Jakub Kicinski June 6, 2019, 5:16 p.m. UTC | #9
Hi Samih!

Please don't top post on Linux kernel mailing lists.

On Thu, 6 Jun 2019 10:23:40 +0000, Jubran, Samih wrote:
> As of today there are no flags exposed by ENA NIC device, however, we
> are planning to use them in the near future. We want to provide
> customers with extra methods to identify (and differentiate) multiple
> network interfaces that can be attached to a single VM. Currently,
> customers can identify a specific network interface (ENI) only by MAC
> address, and later look up this MAC among other multiple ENIs that
> they have. In some cases it might not be convenient. Using these
> flags will let us inform the customer about ENI`s specific
> properties.

Oh no :(  You're using private _feature_ flags as labels or tags.

> It's not finalized, but tentatively it can look like this: 
> primary-eni: on /* Differentiate between primary and secondary ENIs */

Did you consider using phys_port_name for this use case?

If the intent is to have those interfaces bonded, even better would
be to extend the net_failover module or work on user space ABI for VM
failover.  That might be a bigger effort, though.

> has-associated-efa: on /* Will specify ENA device has another associated EFA device */

IDK how your ENA/EFA thing works, but sounds like something that should
be solved in the device model.
Bshara, Nafea June 6, 2019, 9:40 p.m. UTC | #10
On 6/6/19, 10:16 AM, "Jakub Kicinski" <jakub.kicinski@netronome.com> wrote:

    Hi Samih!
    
    Please don't top post on Linux kernel mailing lists.
    
    On Thu, 6 Jun 2019 10:23:40 +0000, Jubran, Samih wrote:
    > As of today there are no flags exposed by ENA NIC device, however, we
    > are planning to use them in the near future. We want to provide
    > customers with extra methods to identify (and differentiate) multiple
    > network interfaces that can be attached to a single VM. Currently,
    > customers can identify a specific network interface (ENI) only by MAC
    > address, and later look up this MAC among other multiple ENIs that
    > they have. In some cases it might not be convenient.
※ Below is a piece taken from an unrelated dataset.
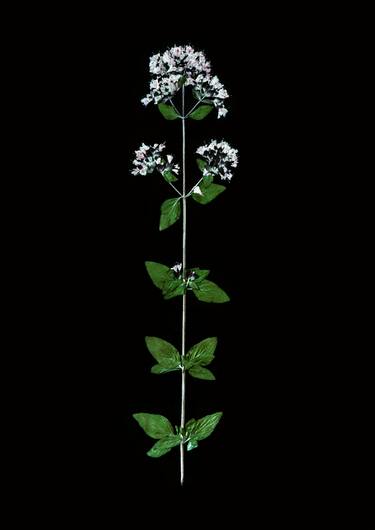 Original Conceptual Still Life Photography by Jelena Kostic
Using these
    > flags will let us inform the customer about ENI`s specific
    > properties.
    
    Oh no :(  You're using private _feature_ flags as labels or tags.
    
    > It's not finalized, but tentatively it can look like this: 
    > primary-eni: on /* Differentiate between primary and secondary ENIs */
    
    Did you consider using phys_port_name for this use case?
    
    If the intent is to have those interfaces bonded, even better would
    be to extend the net_failover module or work on user space ABI for VM
    failover.  That might be a bigger effort, though.
    
    > has-associated-efa: on /* Will specify ENA device has another associated EFA device */
    
    IDK how your ENA/EFA thing works, but sounds like something that should
    be solved in the device model.

[NB] ENA is a netDev,  EFA is an ib_dev.   Both share the same physical network
All previous attempt to make them share at device level leads to a lot of complexity at the OS level, with inter-dependencies that are pronged to error
Not to mention that OS distribution that backport from mainline would backport different subset of each driver,  let alone they belong to two subtrees with two different maintainers and we don’t want to be in a place where we have to coordinate releases between two subgroups

As such, we selected a much safer path, that operational, development and deployment of two different drivers (netdev vs ib_dev) much easier but exposing the nic as two different Physical functions/devices

Only cost we have is that we need this extra propriety to help user identify which two devices are related hence Samih's comments
Jakub Kicinski June 6, 2019, 10:04 p.m. UTC | #11
On Thu, 6 Jun 2019 21:40:19 +0000, Bshara, Nafea wrote:
> On 6/6/19, 10:16 AM, "Jakub Kicinski" <jakub.kicinski@netronome.com> wrote:
> 
>     Hi Samih!
>     
>     Please don't top post on Linux kernel mailing lists.
>     
>     On Thu, 6 Jun 2019 10:23:40 +0000, Jubran, Samih wrote:
>     > As of today there are no flags exposed by ENA NIC device, however, we
>     > are planning to use them in the near future. We want to provide
>     > customers with extra methods to identify (and differentiate) multiple
>     > network interfaces that can be attached to a single VM. Currently,
>     > customers can identify a specific network interface (ENI) only by MAC
>     > address, and later look up this MAC among other multiple ENIs that
>     > they have. In some cases it might not be convenient. Using these
>     > flags will let us inform the customer about ENI`s specific
>     > properties.  
>     
>     Oh no :(  You're using private _feature_ flags as labels or tags.
>     
>     > It's not finalized, but tentatively it can look like this: 
>     > primary-eni: on /* Differentiate between primary and secondary ENIs */  
>     
>     Did you consider using phys_port_name for this use case?
>     
>     If the intent is to have those interfaces bonded, even better would
>     be to extend the net_failover module or work on user space ABI for VM
>     failover.  That might be a bigger effort, though.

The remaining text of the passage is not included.